◆ **Dataset extract**:
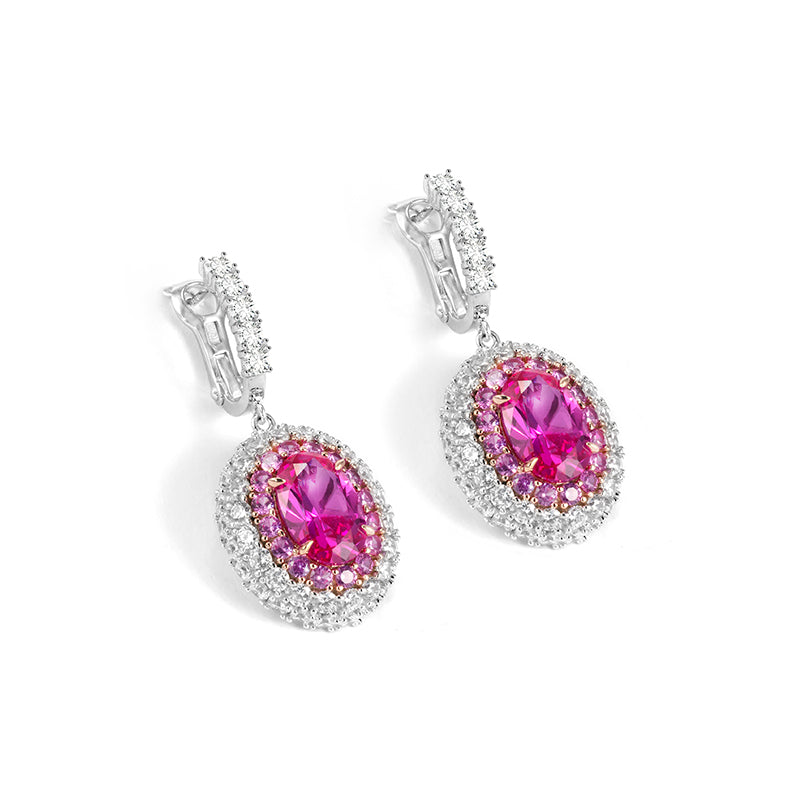 Micro-setting dark oval Pink diamond color Lab created stones Romantic Luxury dangle plug earrings, sterling silver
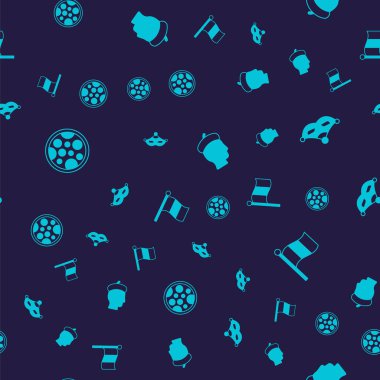 Pizza, Karnaval maskesi, Fransız adam ve Flag Italya 'yı kusursuz bir kalıba sokun. Vektör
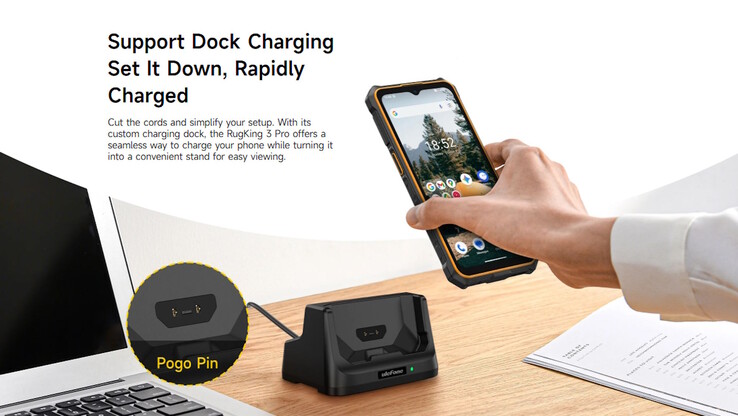 Eine Docking-Lösung wird unterstützt, dann kann das Smartphone ohne Nutzung einer Kabelverbindung genutzt werden (Bildquelle: Ulefone)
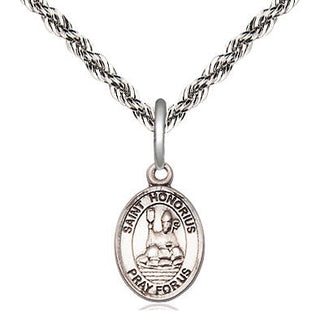 Sterling Silver Saint Honorius Medal Religious and Catholic Jewelry Engraved Catholic Saint Jewelry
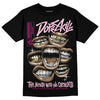 Pink Sneakers DopeSkill T-Shirt The Mouth With No Droughts Graphic Streetwear - Black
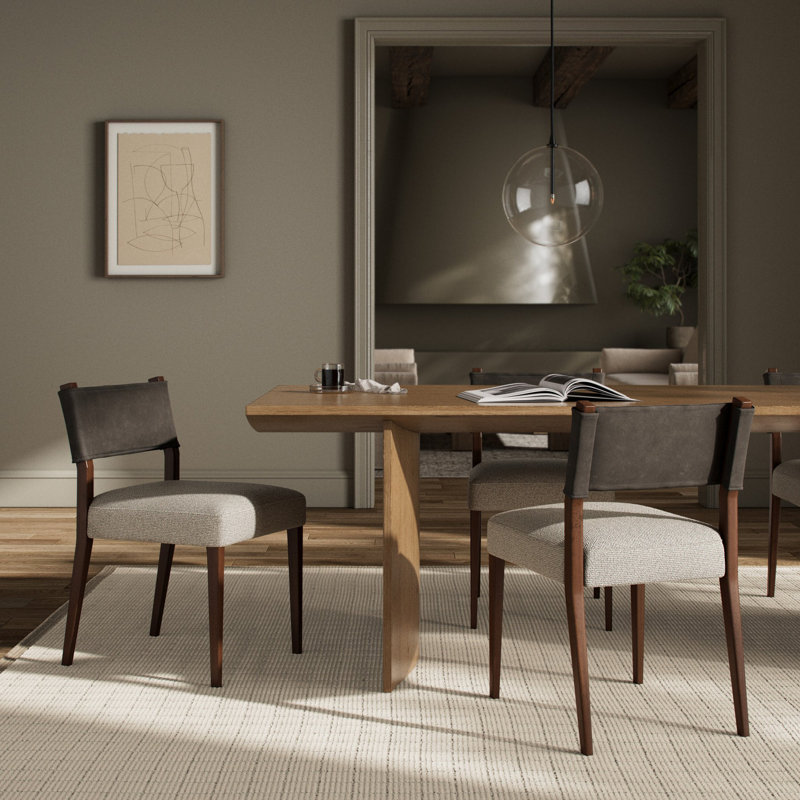 Side Chair in Charcoal, Polyester/Leather Nubuck Charcoal, Brown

◆ **Task to complete**: Everything in the listing must be restated word for word, except for the pictures.

◆ **Task answer**:
 Micro-setting dark oval Pink diamond color Lab created stones Romantic Luxury dangle plug earrings, sterling silver
 Pizza, Karnaval maskesi, Fransız adam ve Flag Italya 'yı kusursuz bir kalıba sokun. Vektör
 Eine Docking-Lösung wird unterstützt, dann kann das Smartphone ohne Nutzung einer Kabelverbindung genutzt werden (Bildquelle: Ulefone)
 Sterling Silver Saint Honorius Medal Religious and Catholic Jewelry Engraved Catholic Saint Jewelry
 Pink Sneakers DopeSkill T-Shirt The Mouth With No Droughts Graphic Streetwear - Black
 Side Chair in Charcoal, Polyester/Leather Nubuck Charcoal, Brown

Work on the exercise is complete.